On Thursday, November 5, 2020, within the context of Artissima 2020, Quartz Studio is pleased to present the first solo show in Turin by the Italian artist Giovanni Kronenberg (Milan, 1974).
For over fifteen years, Giovanni Kronenberg has been using sculpture and drawing to explore the notion of art as a human activity that resists interpretation and narrative approach. Artifacts, natural findings, and objects that have lost their use are subject to interventions and manipulations, sometimes ephemeral and almost imperceptible, other times more exuberant and invasive.
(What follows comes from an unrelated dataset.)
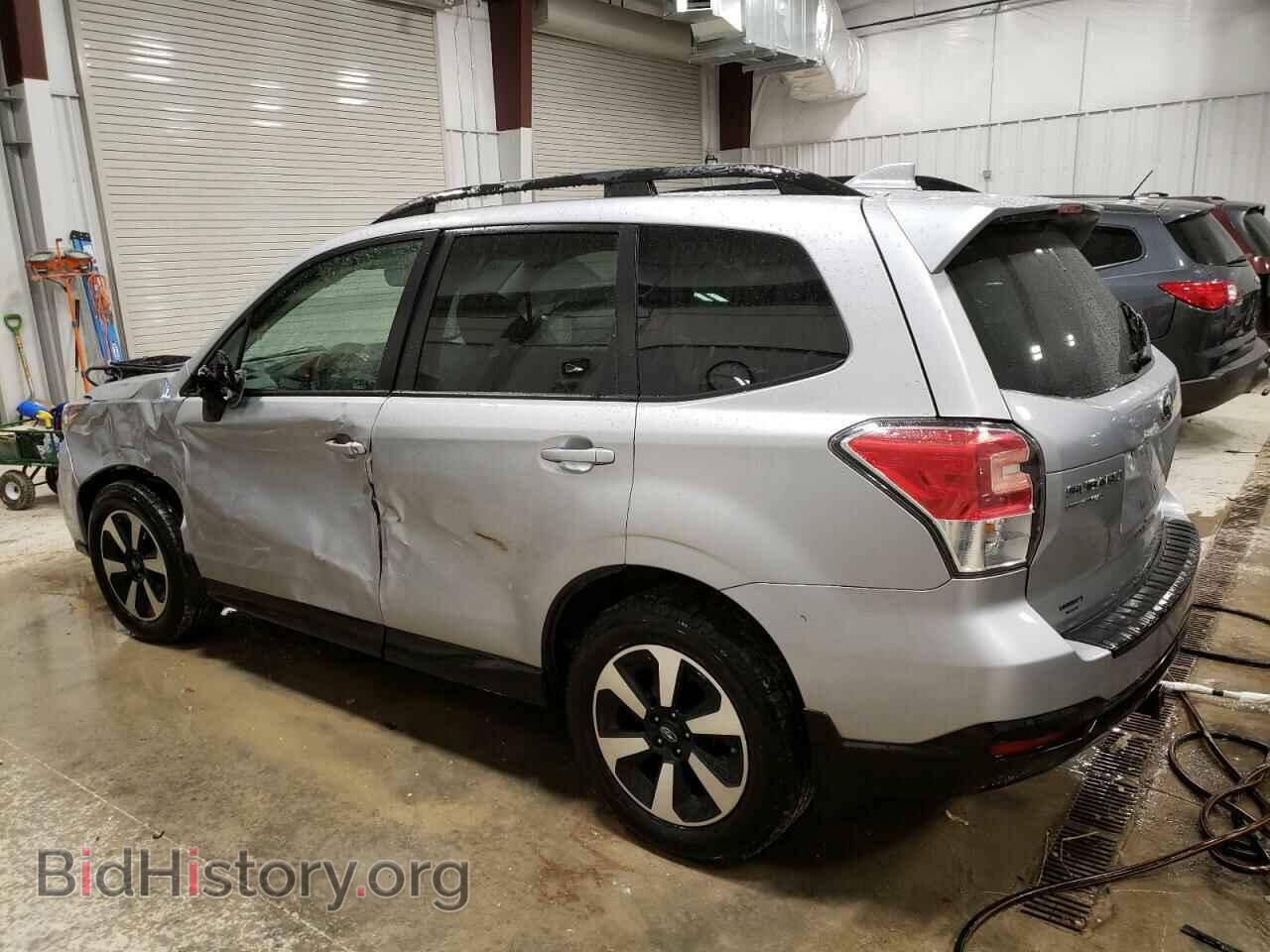 2018 SUBARU FORESTER - VIN: JF2SJAEC6JH616045 - Фото 2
His work is a quiet meditation on themes such as time, the erosion of meaning and value, and the space that human existence occupies within a horizon of events that transcends it.
Kronenberg defines the artifacts and objects he manipulates and exhibits as “not consumed by the gaze.” This statement clarifies his intention to make art defined by a continuous reworking of things and meanings that have been forgotten or obscured, far from contemporary technical or scientific knowledge. The drawings that go with his exhibitions are always small and made with colored pencils or pastels, following on his fascination with forms and materials that he excavates and reactivates, here with frequent references to the worlds of animals, minerals, and plants.
The work of Giovanni Kronenberg is the subject of an upcoming monographic publication due to be released at the beginning of December 2020 by Mousse Publishing. The book — the first comprehensive publication to cover the artist’s output from the last ten years — is edited by Alessandro Rabottini and features essays by Davide Ferri, Simone Menegoi, and Alessandro Rabottini, together with a conversation between the artist and Pavel S. Pyś.